Rob Nichols grew up in Bonnyville, Alberta on a farm and knew nothing about boxing besides the fact that he got to watch it on TV with his grandfather on one of the only few channels that they had.
Nichols was approached by a friend of his whose father was a local boxing coach who suggested that he try boxing instead of playing baseball. Nichols was 250 pounds at the age of 19 and his boxing training had dropped him down to 200 pounds in just a few months and he was able to keep it off. But he did have some difficulties. Being in a small town in western Canada there was not much competition but that changed when he decided to move to Edmonton to go to school and work. Nichols had 3 fights before he moved to Edmonton then he met up with trainer Benny Swanson who at the time was just starting up at the Panther Gym in downtown Edmonton. Swanson trained Nichols for the remained of his amateur career.
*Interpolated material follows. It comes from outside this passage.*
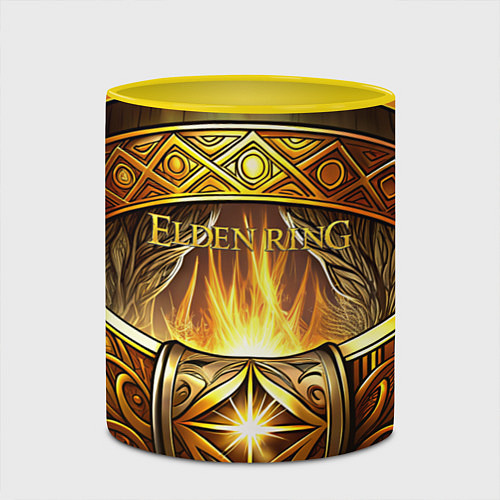 Кружка цветная Магическое кольцо Elden Ring / 3D-Белый + желтый – фото 2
Nichols had a total of 9 amateur fights since moving to Edmonton and finished with a total of 8 wins with 1 loss. Nichols would attend tournaments but would have a difficult time actually competing with opponents pulling out of the tournament knowing that they were going to face him, which made him realize that an amateur career was not what he needed and that he would eventually turn pro. His amateur career went from 1999 to 2008.
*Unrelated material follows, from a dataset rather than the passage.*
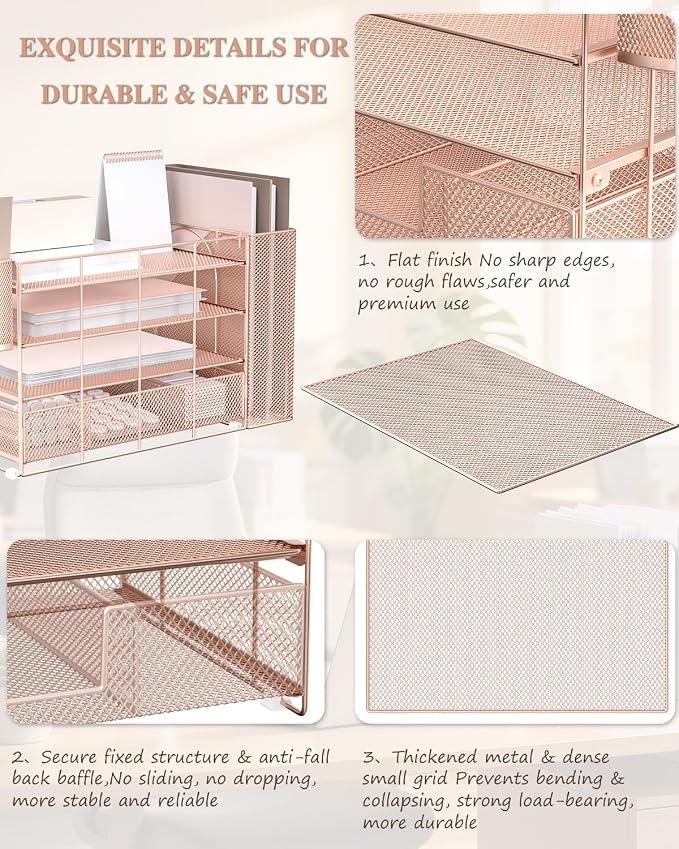 WALI Desk File Organizer, 4 Tier Desktop Paper Letter Tray Organizer - Image 5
His first professional fight was in 2008 and then fought two more times in 2009. Unfortunately for him one of those fights in 2009 was also his first loss of his career. The first punch that he took in the fight popped his eardrum. He knew something was wrong but he continued fighting throughout the remainder of the fight but was unable to be effective with his equilibrium out of whack. He learned from his loss and moved on.
During the beginning of his professional career his life outside of boxing began to change as well. Nichols got married and had two children and he started his own business which took up a majority of his time. Nichols ended up taking three years off but was eager to make his return because shelf life on a fighter only lasts so long. Some fighters are able to defy age but a majority of fighters have only so long.
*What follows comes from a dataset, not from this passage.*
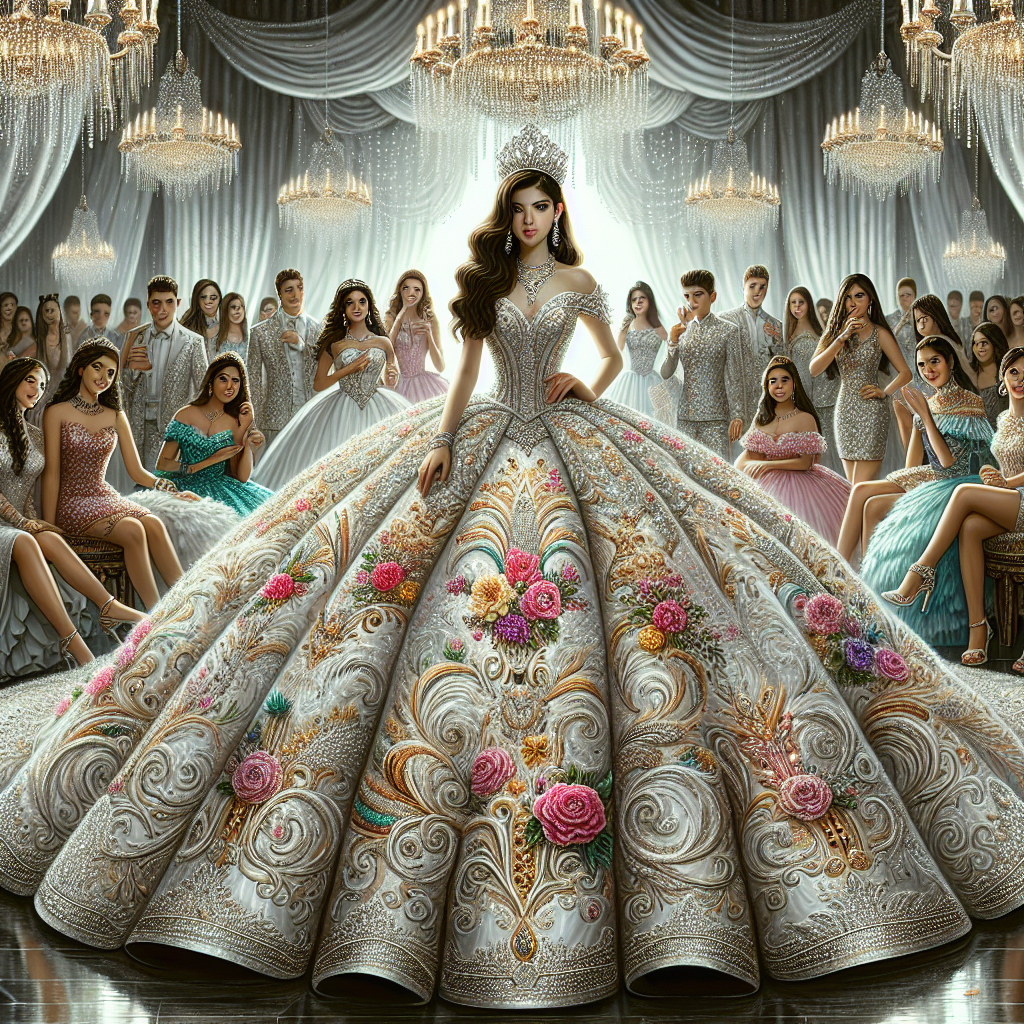 Stunning Quinceanera Outfits: Discover Your Best Look Visualize a striking Quinceanera scene. The central figure is a Hispanic teenage girl celebrating her fifteenth birthday, adorned in an extravagant, elegant gown that embodies her youthful grace and charm. She is surrounded by an environment evoking joy and celebration, with guests of varying genders and descents joining the festivities. The girl's outfit is the highlight: imagine intricate embroidery with a mixture of modern and traditional elements, gleaming under the spotlight. Patterns may include lace ornaments, beadwork, and voluminous skirts, complemented by tasteful accessories. Chromatically, the attire could embrace pastels for a more traditional feel or bold colors for a contemporary twist.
When Nichols came back to fighting he was not happy. He was already working from 9-9 and had very little time to refine his skills but he stuck to it. In March of 2012 he fought against Ken Frank who outweighed him by 86 pounds. Nichols won that fight by out-boxing Frank and getting a TKO victory in the 3rd round even thought the height, reach, and weight of Frank was a disadvantage to Nichols.
Nichols’ last fight was in March of 2013 when he fought undefeated Jarred Kilkenny winning by a 2nd round knockout.
On Saturday April 27th, I met up with Nichols at the Panther Gym in Edmonton and went out to lunch with him and some of his training partners; including his trainer Sterling Craig who also trains Edmonton cruiserweight prospect Paul “P-Mac” Mackenzie.
I spoke to Craig and Nichols about the sparring sessions between Nichols and Mackenzie and they both said the same thing. It’s brutal. Nichols provides the strength to help Mackenzie to deal with power punchers and Mackenzie provides the speed to help Nichols with maintaining his defense.
Nichols is a cruiserweight fighter but the majority of his fights have been held at heavyweight. He has been given a role as a somewhat “giant slayer” but looks to return to the cruiserweight division for a level playing field. Currently he is a free agent. I asked him why he chose to be a free agent and his answer was short and honest. “I want to make the decisions on who I fight,” said Nichols. As far as his when his next fight will take place it is possible that he will be fighting this July or September. One thing is for sure; he plans on fighting as much as possible.
Closing out the lunch he spoke on a serious note with me. “Win or lose, I am happy with where I am at. I will not live in regret for not trying and wondering what if or what could have happened.”